Like all advice, the individual needs to figure what really works for them and whether that works in every situation.
posted by Brandon Blatcher at 7:25 AM on August 1, 2014 [2 favorites]


I think I need to hogtie Guillermo del Toro and shove him in a closet somewhere so I can live in his awesome house.
posted by brundlefly at 8:10 AM on August 1, 2014


As a hardcore procrastinator, I like the "dessert first" advice because the really tough part is the initial getting off my ass. If I'm sitting there not wanting to do something, "hey, here's some unpleasant shit you don't want to do!" isn't the best motivator. Once I show up, I can do the work, so whatever moves me to show up in the first place is what works best for me.

I also agree with the other aspect of that advice, that you should work on the part of a project that you feel most passionate about. There are so many times that I'm inspired to start a project, but I feel obligated to work on it linearly rather than going directly to the point of inspiration. By the time I reach that point, more often than not the fire has long faded.
posted by El Sabor Asiatico at 8:39 AM on August 1, 2014 [6 favorites]


I like the "dessert first" advice because the really tough part is the initial getting off my ass.

I have that same problem, and I realized the root of it is that I'm a perfectionist. For me, the way around it is to start with ridiculously low expectations enforcing the idea that it will not be perfect. In college I started writing papers with file names like "deliberately crappy start to X" because working on it was easy; it was the starting that was hard.
posted by johnofjack at 9:35 AM on August 1, 2014 [1 favorite]


"Dessert first" absolutely works for me, although the other writers in my office think I'm crazy.

But there's really only two pieces of writing advice: do what works and don't suck.

(I hate writing advice)
posted by Bookhouse at 9:57 AM on August 1, 2014 [2 favorites]


My favourite advice comes from Maria Bamford('s mom):

"Just do what you do until that's what you've been doing and people say that's what you do."
posted by Sys Rq at 10:16 AM on August 1, 2014 [9 favorites]

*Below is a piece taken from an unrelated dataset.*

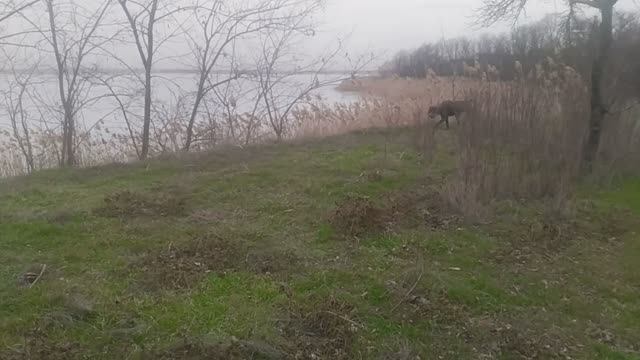 Пес (1-6 сезон) смотреть VID_20250215_150955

John McPhee on Draft No. 4 (via the Browser today)
The way to do a piece of writing is three or four times over, never once. For me, the hardest part comes first, getting something—anything—out in front of me. Sometimes in a nervous frenzy I just fling words as if I were flinging mud at a wall. Blurt out, heave out, babble out something—anything—as a first draft. With that, you have achieved a sort of nucleus. Then, as you work it over and alter it, you begin to shape sentences that score higher with the ear and eye. Edit it again—top to bottom. The chances are that about now you’ll be seeing something that you are sort of eager for others to see. And all that takes time. What I have left out is the interstitial time. You finish that first awful blurting, and then you put the thing aside
posted by shothotbot at 11:05 AM on August 1, 2014 [2 favorites]


Two HUGE things for me that I've worked hard to implement in terms of productivity, and I haven't regretted:

1. You need a place to brain-dump your responsibilities so that they aren't always on your mind. (I believe this is a GTD suggestion.) Worry and constant rumination can create stand-still like almost nothing else. So, basically a reliable task-management something-or-other that will allow you to be reminded at the right times so that you can forget in good conscience. Ease of use and aesthetics in the user interaction can be invaluable to keeping up with it, I've found.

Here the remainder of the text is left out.